▶ [Exercise]:
Nothing but the lines from the one containing "8020-0005-020622.jpg - SBBC" through the end of the data should be retyped, exactly as they stand, and pictures should not be retyped.

▶ [Data section]:
━━━

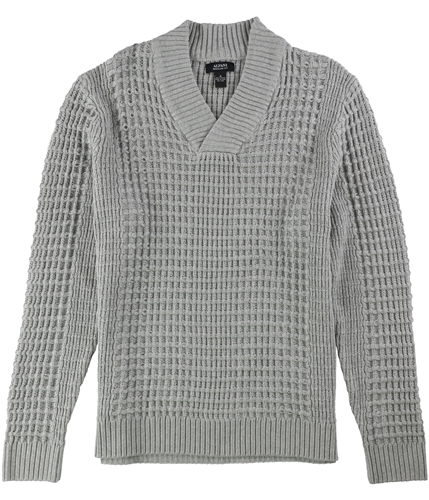 Alfani Mens Textured Pullover Sweater zincht M
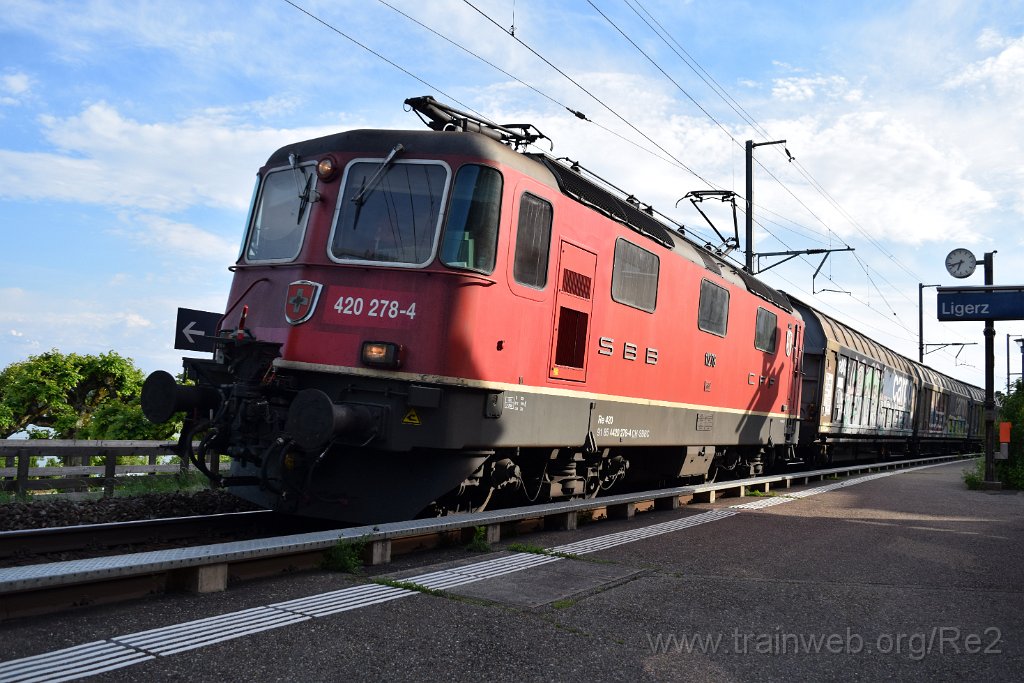 8020-0005-020622.jpg - SBBC Re 4/4'' 11278 (Re 420.278-4)  ''Cham'' (Re 91 85 4 420 278-4 CH-SBBC) / Ligerz 2.6.2022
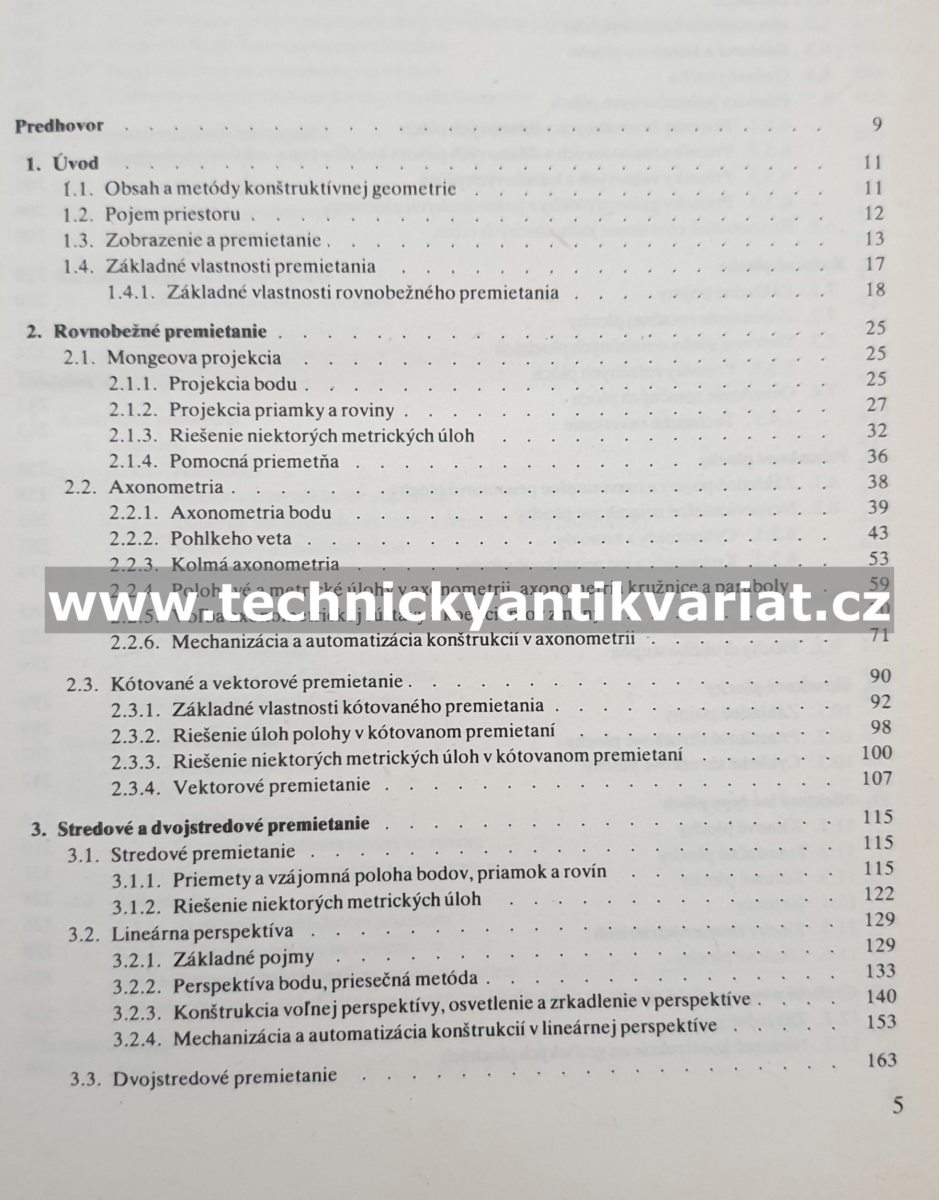 Konštruktívna geometria pre technikov - Medek, Zámožík (1978)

━━━

▶ [Solution to this task]:
 8020-0005-020622.jpg - SBBC Re 4/4'' 11278 (Re 420.278-4)  ''Cham'' (Re 91 85 4 420 278-4 CH-SBBC) / Ligerz 2.6.2022
 Konštruktívna geometria pre technikov - Medek, Zámožík (1978)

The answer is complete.